There were groans from the Conservative side.

The Justice Minister stood here incredulous. “Mr. Speaker, they are really going out on a limb now,” he sigh. “I suggest she loosen the chin strap on her tinfoil hat.”

The Conservatives laughed uproariously.

Which is really just as well, because this is basically funny now, isn’t it? It is certainly not serious. Indeed, perhaps this whole affair is better understood as slapstick—House of Cards meets the Three Stooges meets a symposium on constitutional law.

The story is, in its own way, wacky. Government attempts to appoint relatively obscure federal court judge to the Supreme Court, possibly in violation of the Supreme Court Act and despite the Justice Minister having publicly acknowledged that the act might be restrictive less than a month before. At some point, the government apparently asks the appointee to perform a switcheroo that might not have worked anyway. (At the very least, Mr. Nadon might have had to take a few night classes to catch up.) Appointment gets challenged by Toronto lawyer. Government asks Supreme Court for clarity while also using a budget bill to legislate clarity—simultaneously asking the Court whether it was constitutional to amend the act and asserting to Parliament that it was. Supreme Court strikes down appointment and one of the government’s amendments. The Prime Minister proceeds to come very close to breaching the confidentiality of the selection process, the Chief Justice is accused of doing something inappropriate by the Prime Minister’s Office after she dares respond to the allegation of anonymous senior Conservatives and the Supreme Court goes nine months without a full complement of judges.

Nyuk nyuk nyuk.

After ridiculing Ms. Leslie this afternoon, Mr. MacKay then proceeded with three sentences that had more or less nothing to do with the question asked. The minister would not even offer the limited denial—”That was not a request that was made by me”—that he had offered the justice committee a few hours earlier.
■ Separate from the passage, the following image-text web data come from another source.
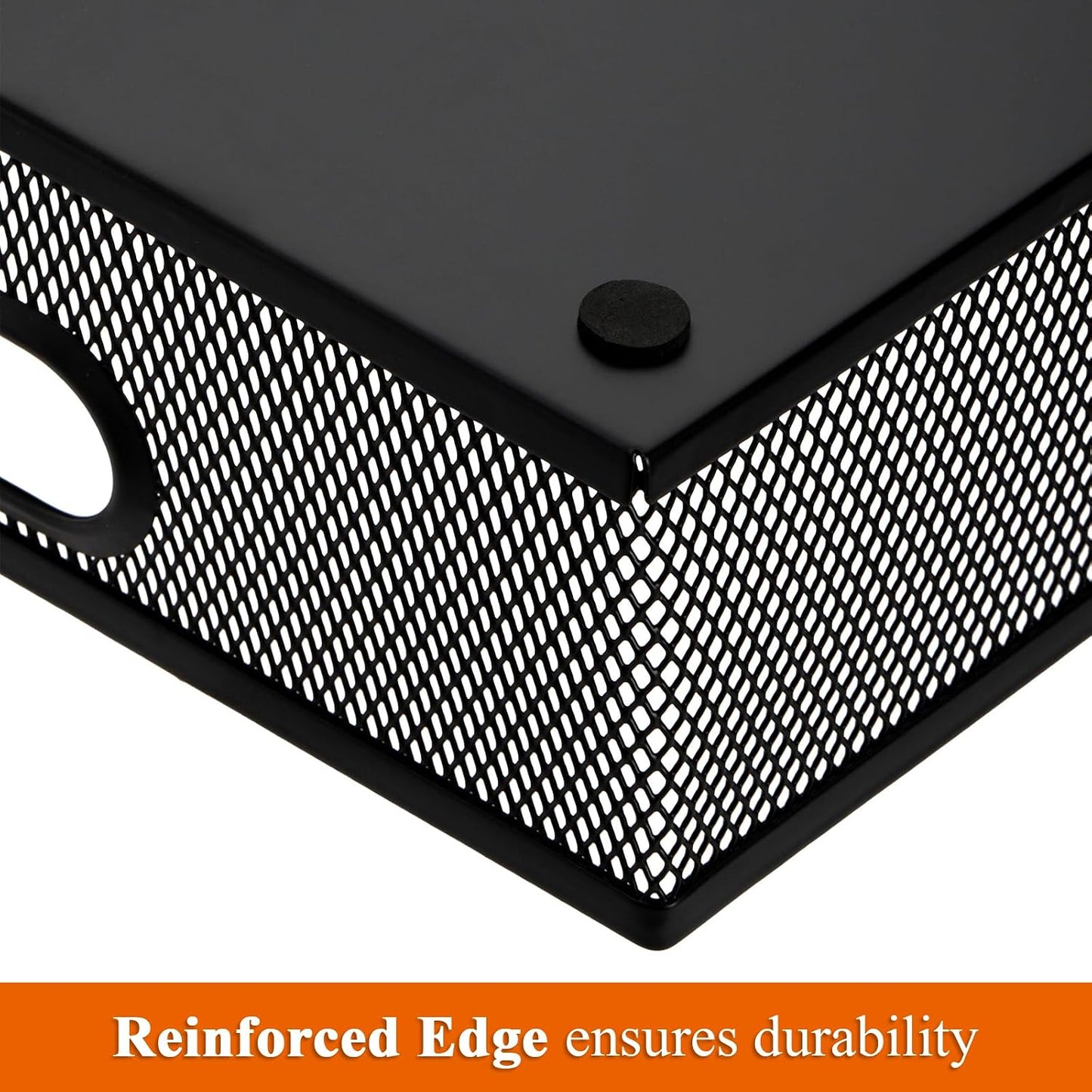 Elsjoy 2 Pack Desk Drawer Organizer Tray, Metal Mesh Desktop Storage Tray Office File Organizer with Handle, Portable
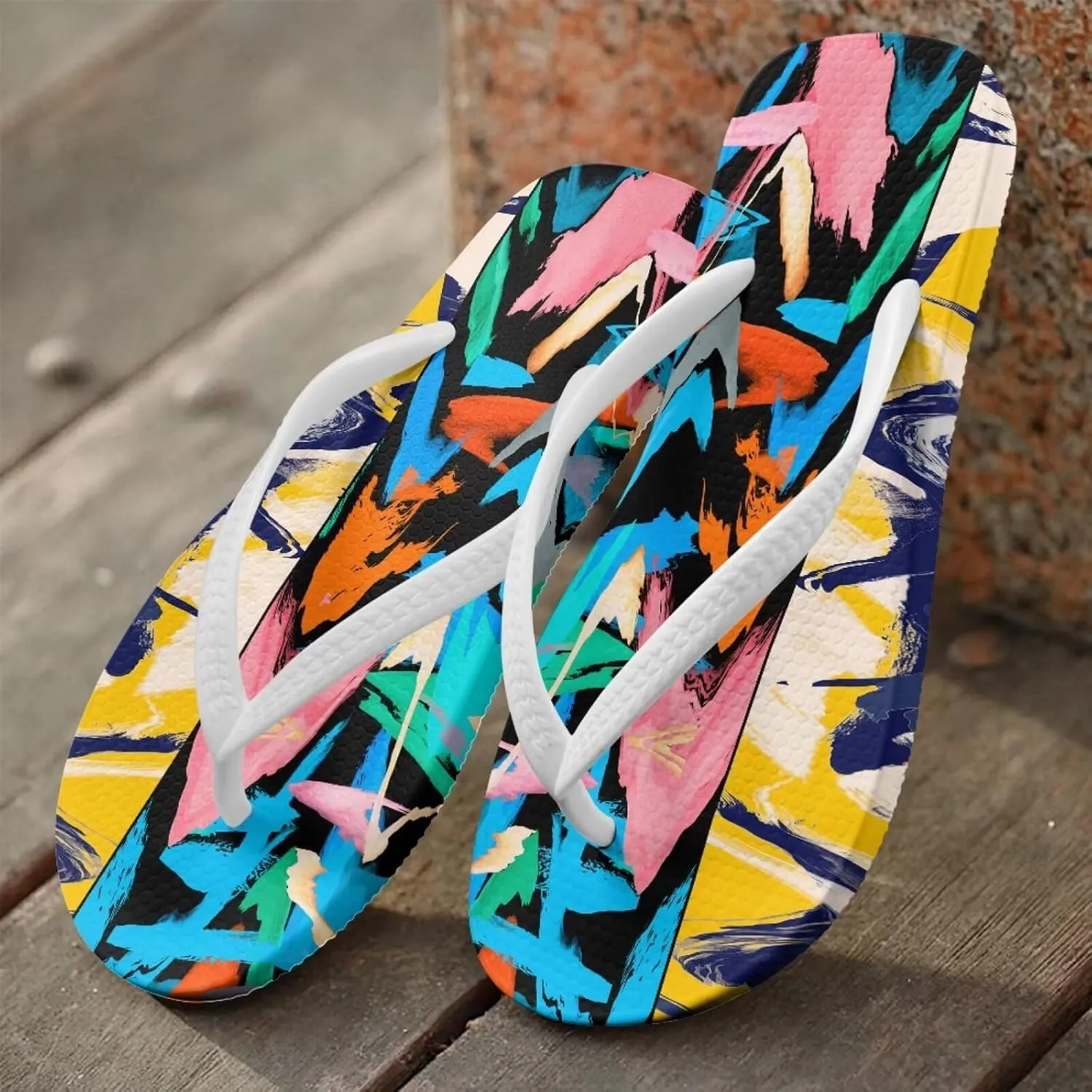 Women's Flip-Flops Colorful Patterns Slippers Women's Casual Sandals Indoor Outdoor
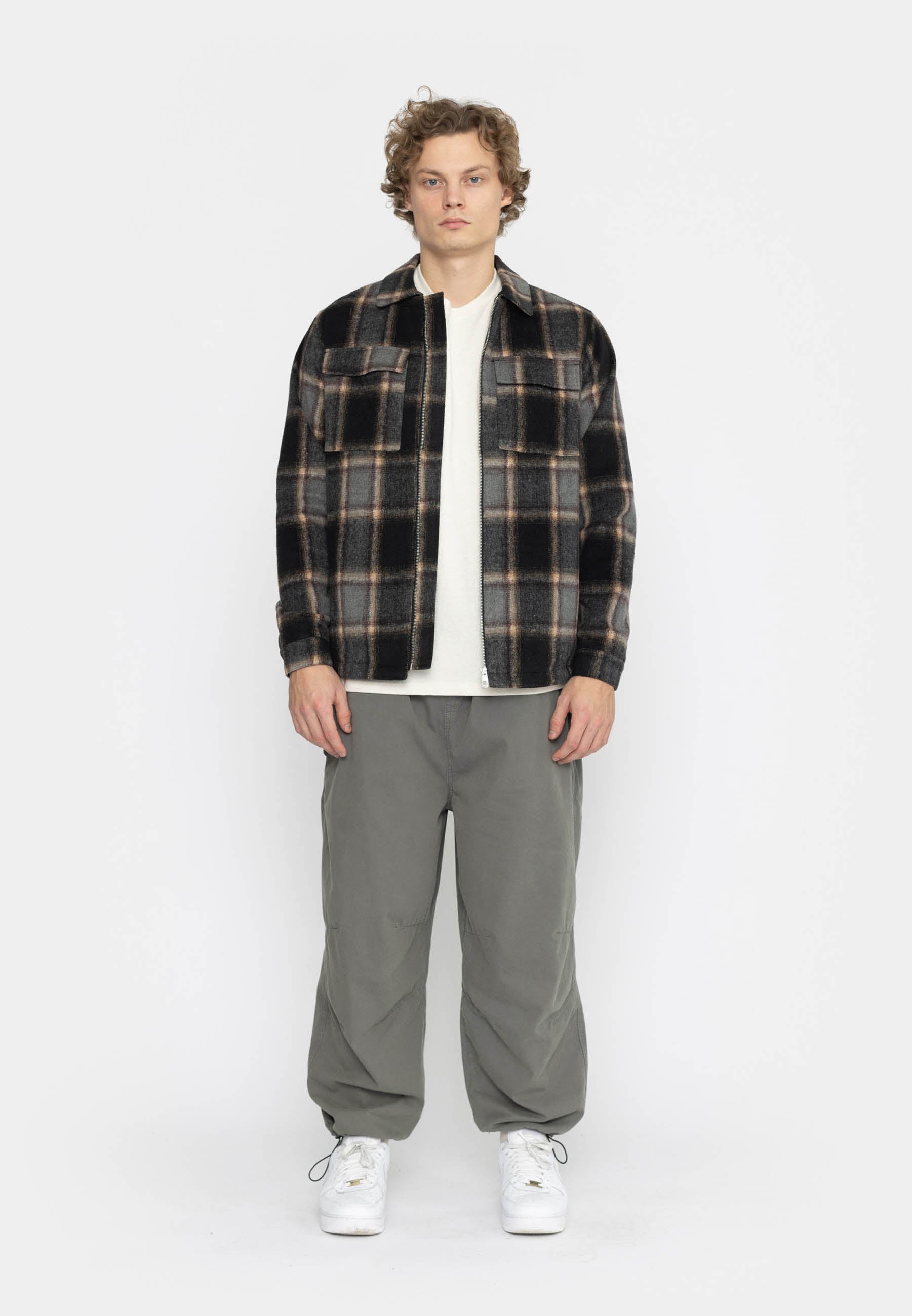 Revolution Lined Overshirt W Zipper Overshirts Black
NDP justice critic Francoise Boivin stood next and gestured across the aisle. “That, Mr. Speaker, is the Attorney General of Canada,” she said. She did not seem to mean it as a compliment, but the Conservative benches sprang up to applaud their man anyway.
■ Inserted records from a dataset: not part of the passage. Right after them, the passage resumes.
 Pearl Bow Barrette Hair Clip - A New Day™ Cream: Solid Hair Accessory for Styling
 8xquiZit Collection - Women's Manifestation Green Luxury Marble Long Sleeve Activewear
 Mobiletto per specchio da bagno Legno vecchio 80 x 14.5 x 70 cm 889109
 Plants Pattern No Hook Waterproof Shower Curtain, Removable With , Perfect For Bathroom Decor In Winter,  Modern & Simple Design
Once the cheers were over, Ms. Boivin returned to the question at hand. “Mr. Speaker, telling Justice Nadon that he should resign and join the Quebec bar shows how low the Conservatives will go,” she said. “It shows that they knew all along that appointing Justice Nadon was a problem. So why was this suggestion made, and by whom?”
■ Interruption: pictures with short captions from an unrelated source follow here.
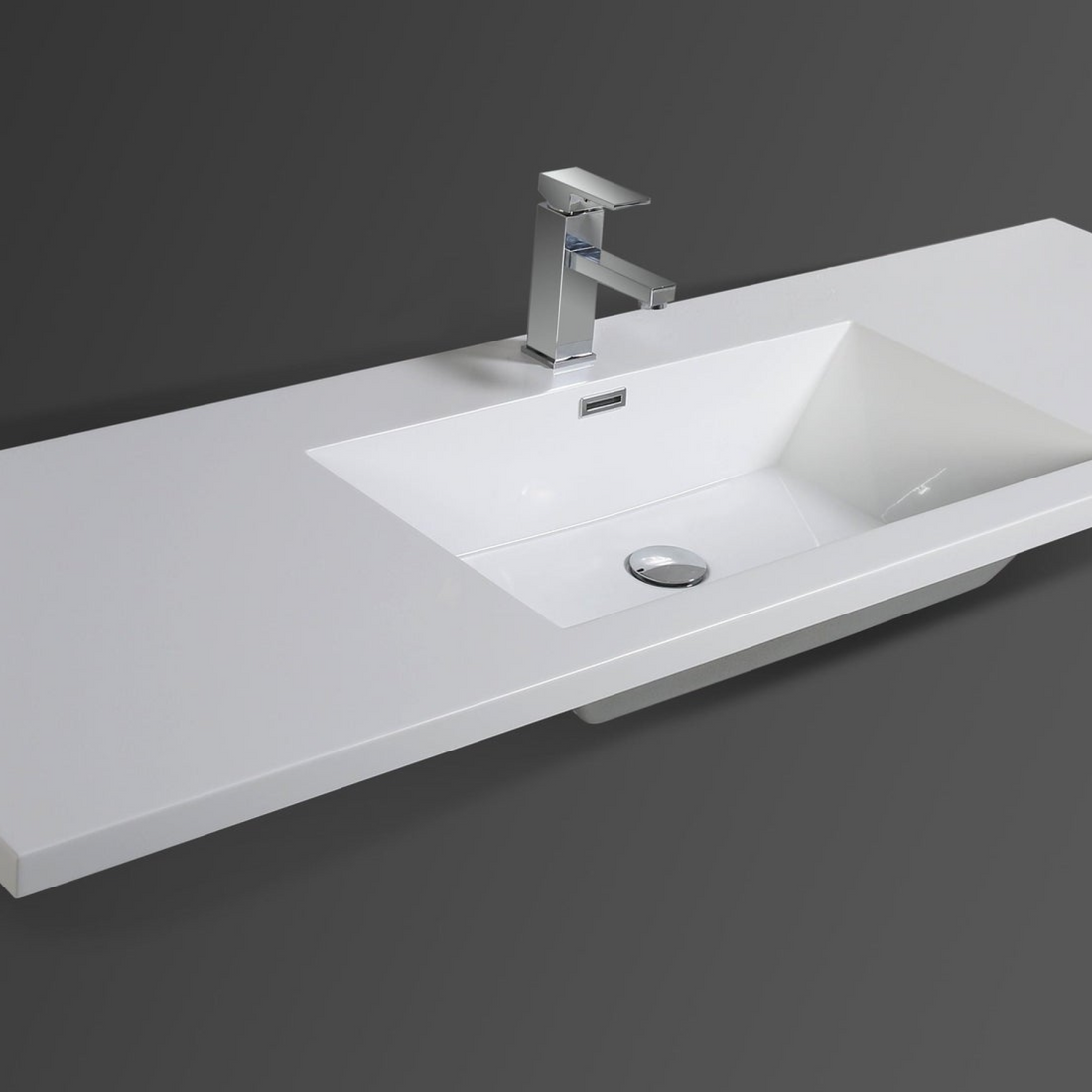 Amara 60" High Gloss Night Blue Freestanding Vanity With Single Reinforced White Acrylic Sink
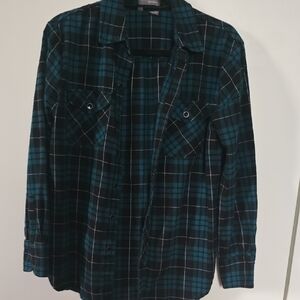 Sandra Teal and Black Plaid Shirt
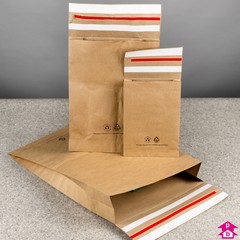 paper return mailing bags with v-bottom & double strip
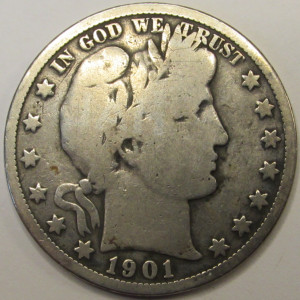 1901 S Barber Half Dollar - antique San Francisco mintmark lower mintage coin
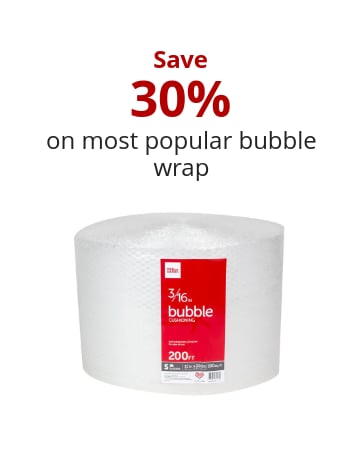 Save 30% on most popular bubble wrap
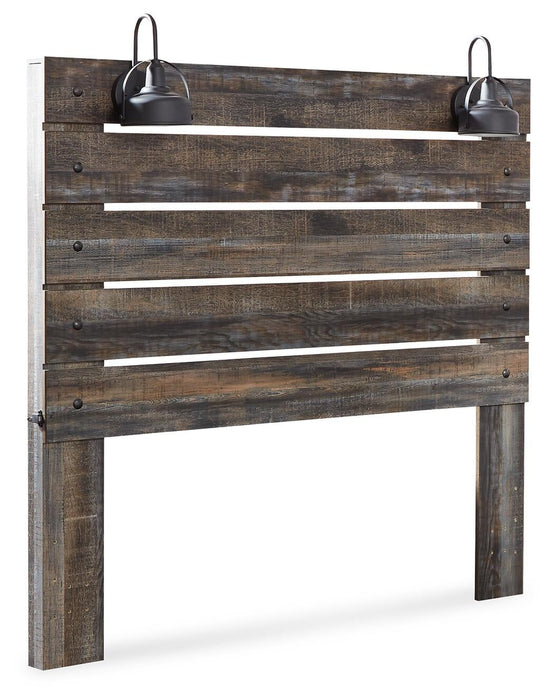 Drystan Queen Panel Headboard Bed with Mirrored Dresser, Chest and Nightstand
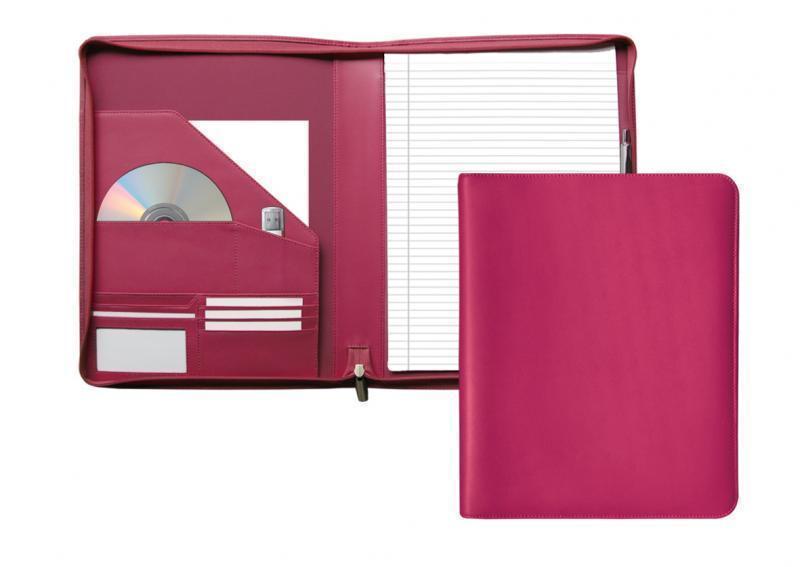 A4 Zipped Malvern Conference Folder in Pink Leather.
Mr. MacKay would not be so easily tricked into explaining anything. “Mr. Speaker,” he said, “as throughout this story, I am not going to comment on unnamed courageous voices who are speaking to the press about this.”

This, of course, is apparently what Chief Justice Beverley McLachlin, she who started it, did wrong. If only she’d left unchallenged a serious allegation of wrongdoing on her part, the Prime Minister’s Office would have had no reason to accuse her of doing something inappropriate. If only she’d been willing to let her behaviour be questioned by anonymous senior Conservatives, she never would have had her behaviour questioned by the Prime Minister’s Office.

The trick, you’ll understand, is to never be too forthcoming. To try to get away with saying as little as possible. Even when and after you might be seen to be explaining.

The Prime Minister, for instance, has said that last week someone suggested he was not aware of the potential eligibility issue under the Supreme Court Act for Federal Court judges nominated to represent Quebec on the high court. Who was it that suggested as much? The Prime Minister’s Office won’t say.

The Justice Minister yesterday said that the government had felt that it had needed to clarify the Chief Justice’s first statement on the anonymous allegations against her. What needed to be clarified? His office won’t say.

The government still has one vacancy to fill on the Supreme Court and it will soon have another. What sort of process will be used to find those nominees? The government won’t say.

As Liberal MP Irwin Cotler has noted, there seems to be an odd discrepancy in the reported timing of the expert opinions the government sought to support the appointment of Marc Nadon. How to explain that? The government won’t say.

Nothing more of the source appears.